Quant à la démocratie, laissant
de côté le gargarisme intellectuel répétitif auquel se livre notre auteur, au-delà
des mots, je voudrais qu’il m’explique en quoi, pourquoi et comment la justice dépend de la démocratie !
Pour nous instruire et nous
édifier sur ce qu'il maîtrise en vérité, il aurait suffi à Éric Dupond Moretti, de parler de la défense, comme il
le fait si bien… Tout le monde n’est pas Cicéron !
Car malgré son énergie et
son talent, qui sont immenses, je crains que mon confrère ne soit victime de ses
aventureuses et incertaines digressions politiques et philosophiques. Elles
faussent son témoignage et son jugement qui pourraient être précieux alors que
nous perdons collectivement le fil de la justice et du droit …

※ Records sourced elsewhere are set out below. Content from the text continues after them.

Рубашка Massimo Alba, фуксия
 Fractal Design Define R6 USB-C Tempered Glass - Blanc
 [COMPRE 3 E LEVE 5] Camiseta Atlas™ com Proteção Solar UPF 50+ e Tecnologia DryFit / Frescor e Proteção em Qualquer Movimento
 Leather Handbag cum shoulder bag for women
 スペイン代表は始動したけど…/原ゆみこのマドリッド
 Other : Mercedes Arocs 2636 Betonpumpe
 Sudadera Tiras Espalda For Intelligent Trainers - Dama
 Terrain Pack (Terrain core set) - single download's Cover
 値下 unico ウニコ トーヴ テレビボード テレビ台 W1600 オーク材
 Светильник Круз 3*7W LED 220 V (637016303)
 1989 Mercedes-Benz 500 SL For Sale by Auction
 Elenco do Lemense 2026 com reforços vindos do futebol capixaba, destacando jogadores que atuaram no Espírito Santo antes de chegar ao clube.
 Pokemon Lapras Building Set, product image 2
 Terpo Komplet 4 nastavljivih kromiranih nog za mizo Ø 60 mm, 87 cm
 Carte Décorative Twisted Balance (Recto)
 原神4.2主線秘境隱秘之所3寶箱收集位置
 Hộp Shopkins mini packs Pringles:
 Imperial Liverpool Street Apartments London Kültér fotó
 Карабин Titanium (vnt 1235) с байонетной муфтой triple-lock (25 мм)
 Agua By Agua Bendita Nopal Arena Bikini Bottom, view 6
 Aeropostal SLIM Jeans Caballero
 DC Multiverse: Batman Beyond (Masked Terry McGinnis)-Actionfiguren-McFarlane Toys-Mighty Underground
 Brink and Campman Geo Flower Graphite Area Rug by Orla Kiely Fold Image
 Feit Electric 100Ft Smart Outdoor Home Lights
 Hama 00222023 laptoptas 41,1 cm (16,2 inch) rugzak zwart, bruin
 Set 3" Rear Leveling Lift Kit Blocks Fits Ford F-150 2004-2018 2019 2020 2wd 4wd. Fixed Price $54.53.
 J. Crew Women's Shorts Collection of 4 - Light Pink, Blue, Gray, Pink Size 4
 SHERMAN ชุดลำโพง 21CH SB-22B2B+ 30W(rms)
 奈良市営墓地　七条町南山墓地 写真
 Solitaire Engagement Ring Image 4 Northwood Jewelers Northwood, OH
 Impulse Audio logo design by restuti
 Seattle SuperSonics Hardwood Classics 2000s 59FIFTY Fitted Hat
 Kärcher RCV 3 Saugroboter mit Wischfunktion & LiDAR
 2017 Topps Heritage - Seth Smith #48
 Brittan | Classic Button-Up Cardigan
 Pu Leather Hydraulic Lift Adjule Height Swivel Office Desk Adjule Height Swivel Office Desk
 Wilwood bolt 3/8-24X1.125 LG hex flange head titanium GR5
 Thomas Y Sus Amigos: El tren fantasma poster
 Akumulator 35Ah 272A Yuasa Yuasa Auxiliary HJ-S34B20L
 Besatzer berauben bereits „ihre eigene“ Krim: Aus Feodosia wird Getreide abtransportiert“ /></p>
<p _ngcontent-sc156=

Le respect de la présomption
d’innocence et des règles du procès par le reste de la société, à commencer par
les médias, ne reviendront que si nous serons capables de faire admettre les
conditions de l’application du droit en tant qu’il est l’inlassable recherche des
conditions d’avènement du juste dans la cité.
Il faut lire et méditer les philosophes,
en particulier du droit. Cela permet de prendre conscience du rôle du droit et
de la responsabilité des acteurs du monde judiciaire, sans commettre de
contre-sens, en pensant droitement.
Il faut lire et écouter les
praticiens qui vivent le procès de manière engagée et tirer profit des leçons
de leur témoignage comme de leurs critiques.
Chacun doit apporter sa
pierre en restant modestement et humblement à sa place.
Alors peut-être serons-nous
capables de juger sans faire de politique et inversement.